The one thing that I guess I didn't talk about when it comes to who our customers are, they are the hyperscalers, they are the semi companies. It's pretty broad-based, similar to like we had in the cloud. And the other thing that's just as important is how you play in the ecosystem to the other people that actually have to make the architecture come to life, the other players that make acceleration chips and other silicon solutions that are very important as well. So we do have engagement across that. And I do think it's not concentrated on one customer, it's really across the ecosystem, and that's what I'm really proud of what the team has done.

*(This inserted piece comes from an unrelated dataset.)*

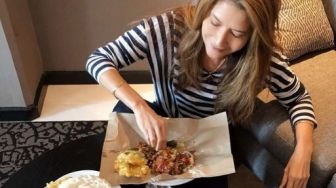 Kabarnya, Tamara Bleszynski Bangkrut Sampai Makan Nasi Bungkus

So I think you're going to continue to see our revenue increase in this area. We've been investing, as I said in the prepared comments, around engineering skills to make sure we have the capacity to really support these ramps. And it's going to probably be the biggest growth driver for us next year, as you look at '25 clearly with what we've laid out for you.

Operator

Next question comes from the line of Wamsi Mohan from Bank of America.

W
Wamsi Mohan
analyst

Terrence, I was hoping maybe you could unpack your comment on the content outgrowth in Asia. That sounded closer to 10 points of outgrowth. I was wondering, how much of that is coming from EV mix versus increased electronification in that region? And do you see those trends sustaining in fiscal '25 as well?

T
Terrence Curtin
executive

Yes. A couple of things. I think what's important is, first off, being -- when we sit here today and you think about Asia, Asia is very much -- it's our largest revenue region. It's also where the vast majority of the EVs are made. And if you look at just last year, Wamsi, there were 4 million more electric vehicles made last year. They were all made in Asia, while the West was sideways and slightly down from a production perspective. And when you look at overall Asia car production, it was up mid-single digits. Our revenue was up mid-double digit.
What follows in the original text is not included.